隔離ソリューションの注意点
隔離の方針を決めたら、次は隔離の対象を決めましょう。隔離の対象は社員が使う端末だけなのか、サーバ群も含めるのかを検討しておくといいでしょう。
複数の社員が利用するサーバは、隔離するとサービスの提供ができなくなってしまい、業務影響が大きく出てしまうため、慎重に検討していきましょう。また、プロキシサーバを導入している場合、隔離のトリガとなる「C&Cサーバへの通信の検知」の際の送信元IPアドレスがプロキシサーバのものになってしまうと、感染端末としてプロキシサーバを隔離してしまうことになってしまいます。
こういった事態にならないよう、社内のネットワーク構成を加味した上で隔離ソリューションの設定には注意を払うことが重要です。
隔離ソリューションの実施前に行いたいこと
さらに隔離ソリューションの実施前にやるべきことは「隔離ソリューションをいつから実施する」という社内のユーザーへの伝達と、隔離した端末のユーザに、その事実をなるべく早く伝える体制を整えることです。
まずは、「新たなセキュリティ対策として、いついつから脅威を検知したら、社員のみなさんの端末を一旦隔離し、IT部門で調査するという運用を開始します」というアナウンスをすることで、社員の理解と協力を得られるように努めます。

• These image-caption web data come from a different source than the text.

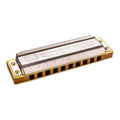 Hohner Marine Band Deluxe Mi bémol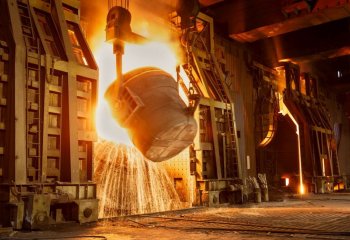 Zielona stal: kolejny krok w kierunku zmniejszenia śladu węglowego Purmo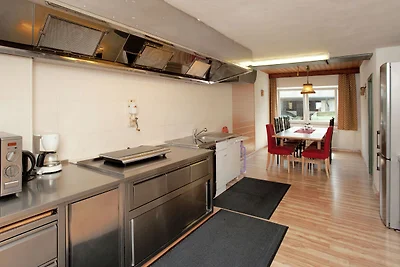 Großräumiges Ferienhaus in Wenns in...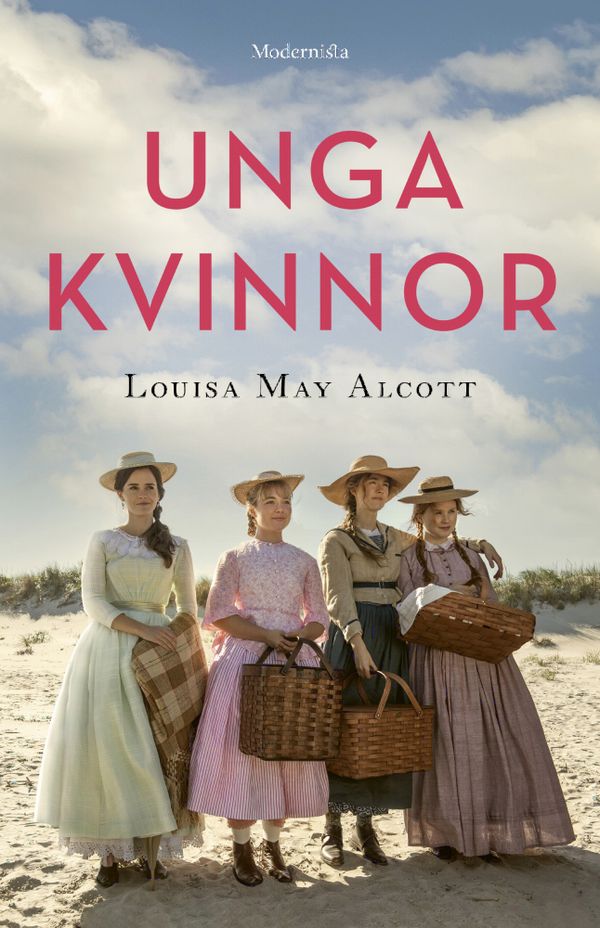 Unga kvinnor | 4:e upplagan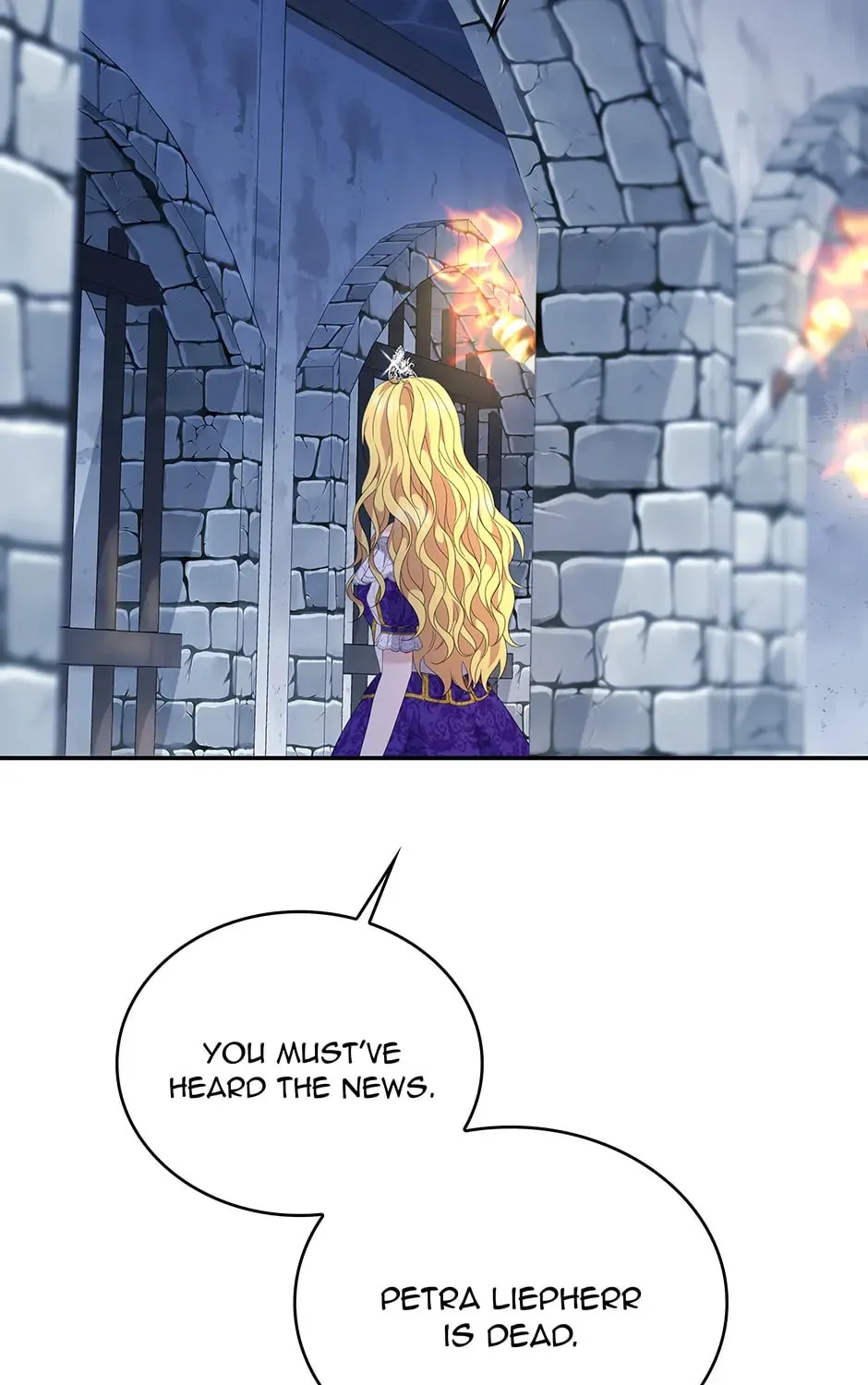 Two Sides of the Princess Chapter 115 page 56 - 
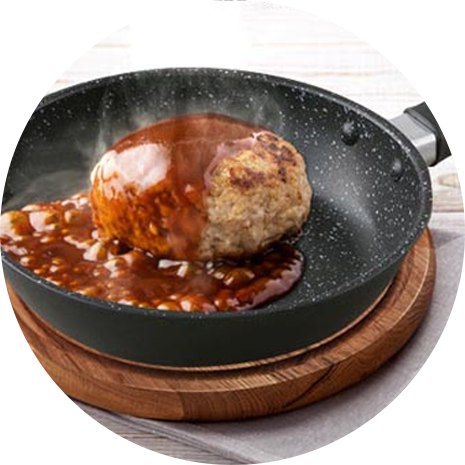 鍋・フライパン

また、隔離した際に、その端末のユーザにその事実を伝える体制がないと、ユーザーは「自分のパソコンが故障したのかもしれない」、もしくは「ネットワーク障害が発生しているかもしれない」など、ユーザー自身で問題を解決しようといろいろなアクションをとってしてしまうことが想像されます。
ですので、最初の社内への伝達の際に、併せて「端末が隔離された際には、インターネットアクセスだけでなく、社内のリソースへのネットワークアクセスもできなくなります」と言う情報も伝えておきましょう。
実際に隔離した際には、IT部門から隔離した端末のユーザーに電話連絡をしたり、連絡をした際に席にいない場合も想定して、部署ごとのメーリングリストを作り、同僚にその旨を連絡して、間接的に本人に伝える術を併せ持つとよいでしょう。